A job with teeth.
Most people are wary of being too near the water’s edge in parts of the Wet Tropics. Others, however, make a living out of getting up close and personal. And it makes for great stories…
We also get calls from barra farms. Being on the inlets, it’s hard to stop crocodiles getting in and out. Any self-respecting crocodile wants to take advantage of an easy barra meal.
Brodie Maloney says life can get a “bit hairy” sometimes but there’s a lot to love about his work.
Based in Cairns, his company Top End Crocodile Services works with the crocodile farm industry across northern Australia, including collecting eggs and relocating crocs. The work varies by state, with differing laws and regulations, and in Queensland his jobs are mainly survey work for councils or private landholders.
“I get called if there’s a suspected croc somewhere it’s not supposed to be, or if the croc is making things unsafe,’’ he says. “It’s a hands-off approach – I identify what species it is and how big it is. The removal work is done by the Department of Environment and Science.”
Collecting wild eggs in the Northern Territory is a whole different story – with Brodie being lowered from a helicopter onto active nests, often with an aggressive nesting female close by.
“It can get a bit hairy! There’s always a degree of risk, whether it’s at a zoo or in the wild,” he says. “But so long as people are croc wise, they’re not hard to avoid.
“Crocs are amazing creatures and worthy of protection. There’s still a lot we don’t know about them. Very little research has been done on their role in the ecosystem as an apex predator – there definitely needs to be more.”
Dr Matt Brien heads up a team of 30 in the Queensland Department of Environment and Science’s Northern Wildlife Operations unit. Operating from Mackay to the Torres Strait, team members work on croc management, education, research and monitoring activities, and ultimately trying to reduce the risk to people from crocodiles.
From a management perspective, their focus is ‘salties’. “You’d be hard pressed to get a freshie to bite you unless you actually stepped on it,’’ he says.
The mighty estuarine or saltwater crocodile is found in both salt and freshwater, despite its name, and can be found up to 100km inland. The largest of all living crocodilians, males reach up to and over 1000kg and six metres in length – however this is the exception to the rule.

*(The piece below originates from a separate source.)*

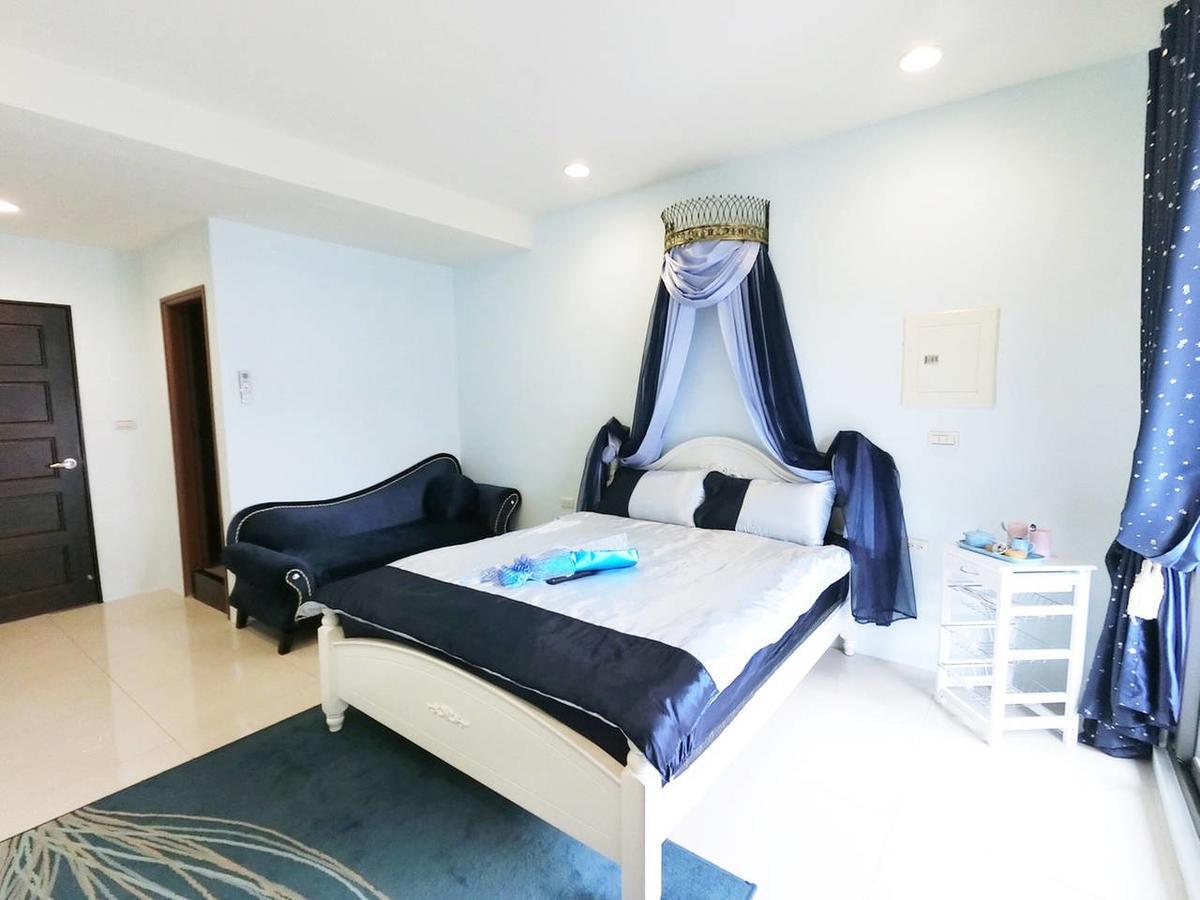 Kaohsiung Raifong Corner Homestay Kültér fotó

“Those really big guys are the basketballer version of crocodiles. We get a disproportionately high number of calls for those kind of sightings, but we usually have to use the ‘reduce by 2 metres rule’ when we get calls about six-metre crocs. A typical male is generally four to five metres and 400-500 kilograms.”
Matt’s team often hears from landholders whose livestock or working dogs have been taken by crocs.
“We also get calls from barra farms. Being on the inlets, it’s hard to stop crocodiles getting in and out. Any self-respecting crocodile wants to take advantage of an easy barra meal.”
Since being hunted almost to extinction, which led to their protection in the 1970s, estuarine crocodile numbers have been recovering slowly but steadily. The current population is estimated at between 25,000 and 30,000. Matt says our region is almost at carrying capacity, so the population isn’t expected to grow much more.
“The Northern Territory has a croc population of between 80–100,000. The average density is five crocs in the water per kilometre, compared to one croc per kilometre in Queensland. We don’t have as much viable habitat or carrying capacity as the NT and we don’t have the same large expanses of swampland habitat that crocs prefer for nesting territory.”
Since 1971 there have been 40 attacks in Queensland. Sixteen have been fatal. The number of non-fatal attacks has increased since the 1990s – to just over one per year – and it’s reflective of the increase in both human and crocodile populations. There has been no increase in fatal attacks, which is likely due to the management program.
Matt says 90 per cent of all croc attacks on people are on local males aged between 20 and 50. Enough said! Be croc-wise and report crocodile sightings to the Queensland Department of Environment and Science by using the QWildlife app or by calling 1300 130 372.
Did you know? Crocs are great at picking up on intent.
While working for America’s University of Florida, Dr Matt Brien removed many crocodiles from golf courses. The team used fishing rods to cast a large travel hook over the animal and pull it out – but over time crocodiles learnt to pick up on intent, and the difference between a golf club and a fishing line. “If the crocs saw people hopping out of a buggy with a club – no worries. If it was a fishing rod, and even if we were dressed like golfers, the crocs would be out of there in an instant!”